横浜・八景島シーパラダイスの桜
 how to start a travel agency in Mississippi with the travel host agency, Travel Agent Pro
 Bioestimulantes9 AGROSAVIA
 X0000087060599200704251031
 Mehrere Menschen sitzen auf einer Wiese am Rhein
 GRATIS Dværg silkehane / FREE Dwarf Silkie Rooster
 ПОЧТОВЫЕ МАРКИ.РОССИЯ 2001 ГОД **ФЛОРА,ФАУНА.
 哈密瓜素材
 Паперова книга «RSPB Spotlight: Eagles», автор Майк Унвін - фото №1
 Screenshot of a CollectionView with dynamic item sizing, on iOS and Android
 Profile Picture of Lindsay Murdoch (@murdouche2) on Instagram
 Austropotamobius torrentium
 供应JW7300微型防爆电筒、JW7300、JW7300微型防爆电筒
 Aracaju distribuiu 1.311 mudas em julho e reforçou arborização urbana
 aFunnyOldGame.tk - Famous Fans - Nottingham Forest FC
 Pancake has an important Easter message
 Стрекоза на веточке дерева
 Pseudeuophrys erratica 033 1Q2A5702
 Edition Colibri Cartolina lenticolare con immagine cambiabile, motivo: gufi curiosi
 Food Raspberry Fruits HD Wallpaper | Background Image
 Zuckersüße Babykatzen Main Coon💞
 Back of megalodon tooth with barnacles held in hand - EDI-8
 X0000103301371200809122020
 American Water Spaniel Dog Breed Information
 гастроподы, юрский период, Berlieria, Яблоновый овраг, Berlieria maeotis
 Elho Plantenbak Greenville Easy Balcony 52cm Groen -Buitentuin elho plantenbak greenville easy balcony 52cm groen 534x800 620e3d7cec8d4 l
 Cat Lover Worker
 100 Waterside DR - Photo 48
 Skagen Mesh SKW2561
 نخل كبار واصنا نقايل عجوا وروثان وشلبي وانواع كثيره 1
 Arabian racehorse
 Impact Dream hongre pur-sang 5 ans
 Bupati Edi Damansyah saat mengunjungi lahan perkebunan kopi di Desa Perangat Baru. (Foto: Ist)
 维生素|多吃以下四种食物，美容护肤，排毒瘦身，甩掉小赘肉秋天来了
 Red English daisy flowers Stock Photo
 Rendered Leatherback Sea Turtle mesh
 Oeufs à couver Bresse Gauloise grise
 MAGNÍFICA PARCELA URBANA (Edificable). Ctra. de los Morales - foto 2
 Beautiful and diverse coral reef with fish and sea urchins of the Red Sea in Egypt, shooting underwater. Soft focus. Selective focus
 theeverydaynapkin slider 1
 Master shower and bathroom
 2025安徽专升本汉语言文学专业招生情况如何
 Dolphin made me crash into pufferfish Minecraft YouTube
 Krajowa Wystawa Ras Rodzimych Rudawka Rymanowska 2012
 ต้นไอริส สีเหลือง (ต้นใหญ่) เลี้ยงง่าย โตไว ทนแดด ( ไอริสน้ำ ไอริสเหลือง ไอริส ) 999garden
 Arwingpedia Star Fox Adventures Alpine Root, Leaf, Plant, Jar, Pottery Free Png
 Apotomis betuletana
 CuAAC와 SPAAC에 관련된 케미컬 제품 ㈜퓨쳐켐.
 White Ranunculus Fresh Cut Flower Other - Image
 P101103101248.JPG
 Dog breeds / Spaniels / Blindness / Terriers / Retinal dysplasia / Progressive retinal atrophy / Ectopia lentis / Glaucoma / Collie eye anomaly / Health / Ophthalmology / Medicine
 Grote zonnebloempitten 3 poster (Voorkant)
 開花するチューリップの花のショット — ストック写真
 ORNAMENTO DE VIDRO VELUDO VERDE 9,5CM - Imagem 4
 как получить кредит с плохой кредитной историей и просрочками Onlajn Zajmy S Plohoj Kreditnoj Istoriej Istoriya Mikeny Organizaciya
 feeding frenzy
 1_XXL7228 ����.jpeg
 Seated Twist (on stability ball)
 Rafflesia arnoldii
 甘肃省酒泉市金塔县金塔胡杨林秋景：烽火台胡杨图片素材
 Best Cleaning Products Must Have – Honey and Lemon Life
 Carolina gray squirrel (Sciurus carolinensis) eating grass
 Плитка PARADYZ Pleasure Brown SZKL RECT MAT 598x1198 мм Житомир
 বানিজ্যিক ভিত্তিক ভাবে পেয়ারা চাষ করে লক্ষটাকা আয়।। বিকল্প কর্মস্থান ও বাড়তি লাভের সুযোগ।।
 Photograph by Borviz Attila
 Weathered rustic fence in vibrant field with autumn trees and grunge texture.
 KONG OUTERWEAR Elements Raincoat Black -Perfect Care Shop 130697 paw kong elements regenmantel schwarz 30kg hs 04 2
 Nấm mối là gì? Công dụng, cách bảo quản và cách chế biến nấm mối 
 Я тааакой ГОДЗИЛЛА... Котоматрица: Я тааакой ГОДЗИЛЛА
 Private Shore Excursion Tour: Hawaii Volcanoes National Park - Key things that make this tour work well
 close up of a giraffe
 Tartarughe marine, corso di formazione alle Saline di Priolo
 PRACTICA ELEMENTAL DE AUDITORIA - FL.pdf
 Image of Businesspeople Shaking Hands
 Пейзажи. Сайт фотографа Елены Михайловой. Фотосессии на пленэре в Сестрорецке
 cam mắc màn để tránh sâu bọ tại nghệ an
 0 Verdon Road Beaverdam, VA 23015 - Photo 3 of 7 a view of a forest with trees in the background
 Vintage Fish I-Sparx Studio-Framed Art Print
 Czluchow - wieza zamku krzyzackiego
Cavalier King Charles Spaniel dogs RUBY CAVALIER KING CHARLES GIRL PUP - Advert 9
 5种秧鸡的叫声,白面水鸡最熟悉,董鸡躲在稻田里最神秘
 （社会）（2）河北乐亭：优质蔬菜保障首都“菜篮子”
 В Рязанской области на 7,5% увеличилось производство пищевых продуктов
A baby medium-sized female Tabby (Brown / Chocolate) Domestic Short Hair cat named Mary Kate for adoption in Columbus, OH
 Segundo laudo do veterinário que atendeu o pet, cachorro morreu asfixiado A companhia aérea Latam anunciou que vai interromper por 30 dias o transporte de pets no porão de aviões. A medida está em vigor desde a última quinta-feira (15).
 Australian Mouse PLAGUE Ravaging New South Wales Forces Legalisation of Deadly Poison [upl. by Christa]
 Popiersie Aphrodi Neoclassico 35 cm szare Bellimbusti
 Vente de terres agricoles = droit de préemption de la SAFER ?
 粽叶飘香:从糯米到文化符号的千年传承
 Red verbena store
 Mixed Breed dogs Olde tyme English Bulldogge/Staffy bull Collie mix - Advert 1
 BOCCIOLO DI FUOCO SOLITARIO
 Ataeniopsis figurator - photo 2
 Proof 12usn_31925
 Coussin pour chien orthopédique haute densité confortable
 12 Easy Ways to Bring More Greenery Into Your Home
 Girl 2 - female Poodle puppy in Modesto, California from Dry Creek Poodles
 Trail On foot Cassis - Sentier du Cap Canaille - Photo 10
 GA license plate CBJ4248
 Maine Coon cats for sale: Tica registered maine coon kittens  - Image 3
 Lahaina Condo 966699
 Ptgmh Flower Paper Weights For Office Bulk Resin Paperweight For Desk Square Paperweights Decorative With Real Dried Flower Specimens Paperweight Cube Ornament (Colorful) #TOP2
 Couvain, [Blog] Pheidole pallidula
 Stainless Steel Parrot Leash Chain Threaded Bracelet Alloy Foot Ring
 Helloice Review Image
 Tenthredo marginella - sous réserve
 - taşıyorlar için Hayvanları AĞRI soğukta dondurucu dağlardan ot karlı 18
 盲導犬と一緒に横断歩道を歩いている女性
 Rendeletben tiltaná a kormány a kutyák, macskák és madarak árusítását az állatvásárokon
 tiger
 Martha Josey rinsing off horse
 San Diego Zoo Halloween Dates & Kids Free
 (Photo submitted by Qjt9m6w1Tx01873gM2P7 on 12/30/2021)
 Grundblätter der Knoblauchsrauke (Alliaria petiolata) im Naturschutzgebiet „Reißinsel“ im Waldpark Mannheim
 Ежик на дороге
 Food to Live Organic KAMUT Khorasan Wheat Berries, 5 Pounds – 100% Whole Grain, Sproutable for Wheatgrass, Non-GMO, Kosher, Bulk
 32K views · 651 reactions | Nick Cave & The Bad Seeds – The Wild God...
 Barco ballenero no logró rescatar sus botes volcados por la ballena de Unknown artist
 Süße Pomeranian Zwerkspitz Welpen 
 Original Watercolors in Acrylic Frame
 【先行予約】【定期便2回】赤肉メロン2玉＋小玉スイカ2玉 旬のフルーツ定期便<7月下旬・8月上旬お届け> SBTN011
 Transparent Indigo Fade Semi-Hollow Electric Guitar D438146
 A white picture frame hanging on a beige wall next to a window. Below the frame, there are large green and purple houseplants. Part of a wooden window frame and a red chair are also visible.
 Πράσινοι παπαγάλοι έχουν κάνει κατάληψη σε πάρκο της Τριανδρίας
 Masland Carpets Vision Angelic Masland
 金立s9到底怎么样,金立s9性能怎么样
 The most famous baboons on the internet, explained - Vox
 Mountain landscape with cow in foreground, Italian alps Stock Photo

== PROBLEM DETAILS ==
For every line in the data above that has the string "dogs", return that line.

== SOLUTION TO THIS PROBLEM ==
Cavalier King Charles Spaniel dogs RUBY CAVALIER KING CHARLES GIRL PUP - Advert 9
 Mixed Breed dogs Olde tyme English Bulldogge/Staffy bull Collie mix - Advert 1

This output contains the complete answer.